• **EXERCISE MATERIALS**:
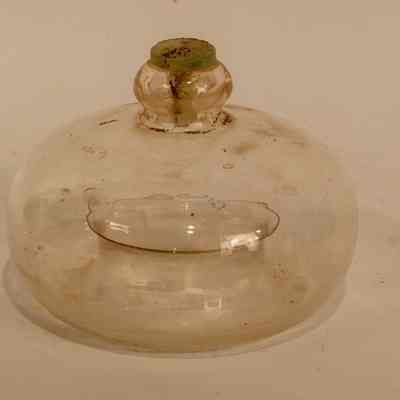 Small glas fly-catcher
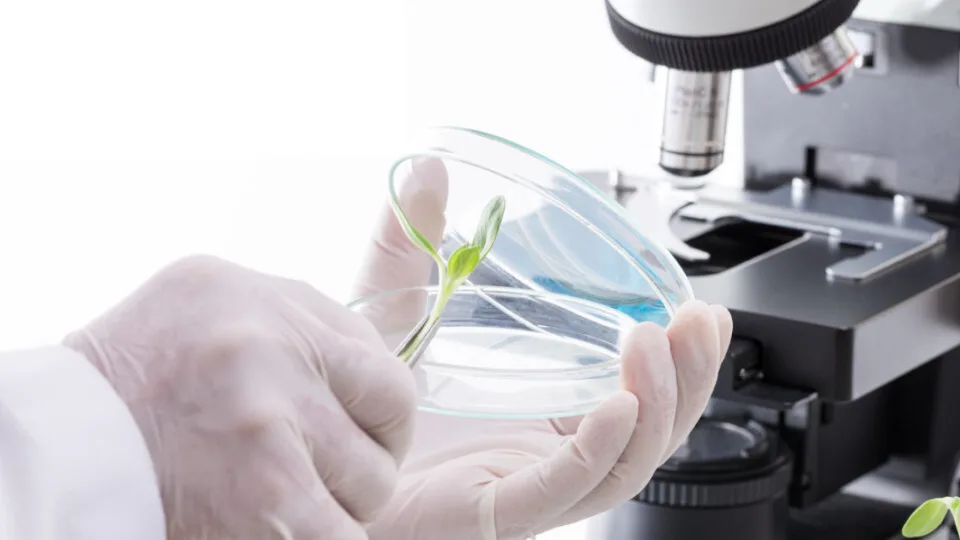 Perrotis College: ​Δύο υποτροφίες για σπουδαστές  από τις πυρόπληκτες περιοχές του 2023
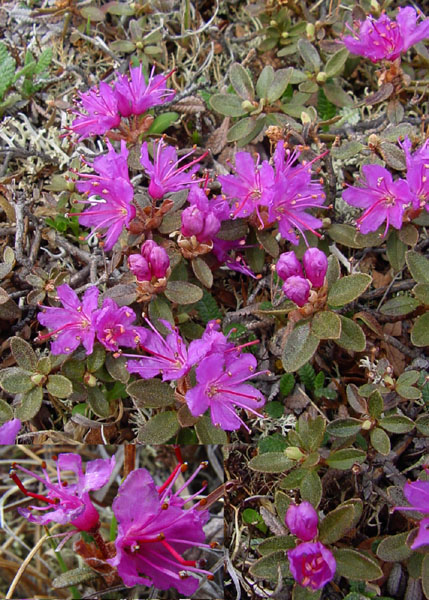 Photo of Rhododendron lapponicum by <a href="http://www.cdhs.us">Alfred Cook</a>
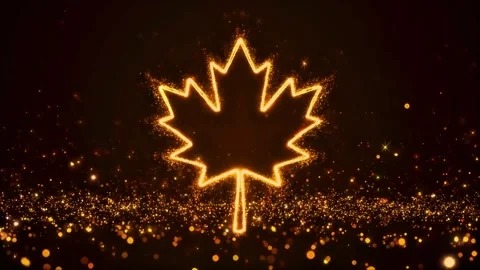Glowing Golden Maple Leaf Sparkle Animation 库存影片 338065022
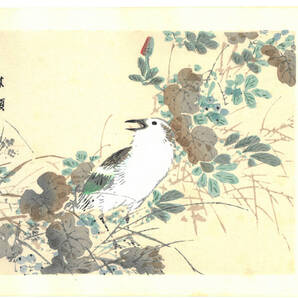 真作保証 幸野楳嶺 木版画 むくどり Starling 初版 明治~ 今にも飛び立ちそうなリアルな鳥たち!
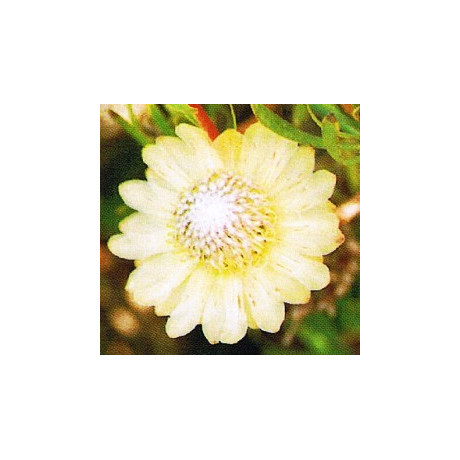 PROTEA scolymocephala 4 semena
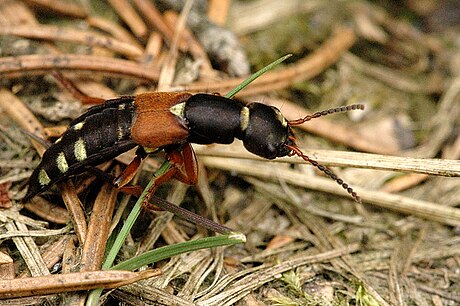 Staphylinus erythropterus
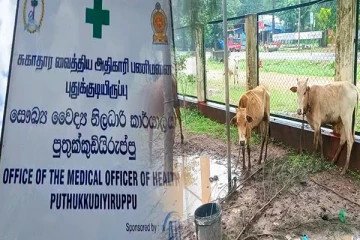 முல்லைத்தீவில் இறைச்சிக்காக வெட்டப்படும் மாடுகளில் முறைகேடு: மக்கள் விசனம்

• **EXERCISE**: All of the lines above must be repeated without alteration, though the pictures are to be excluded.

• **WRITTEN RESPONSE**:
 Small glas fly-catcher
 Perrotis College: ​Δύο υποτροφίες για σπουδαστές  από τις πυρόπληκτες περιοχές του 2023
 Photo of Rhododendron lapponicum by <a href="http://www.cdhs.us">Alfred Cook</a>
Glowing Golden Maple Leaf Sparkle Animation 库存影片 338065022
 真作保証 幸野楳嶺 木版画 むくどり Starling 初版 明治~ 今にも飛び立ちそうなリアルな鳥たち!
 PROTEA scolymocephala 4 semena
 Staphylinus erythropterus
 முல்லைத்தீவில் இறைச்சிக்காக வெட்டப்படும் மாடுகளில் முறைகேடு: மக்கள் விசனம்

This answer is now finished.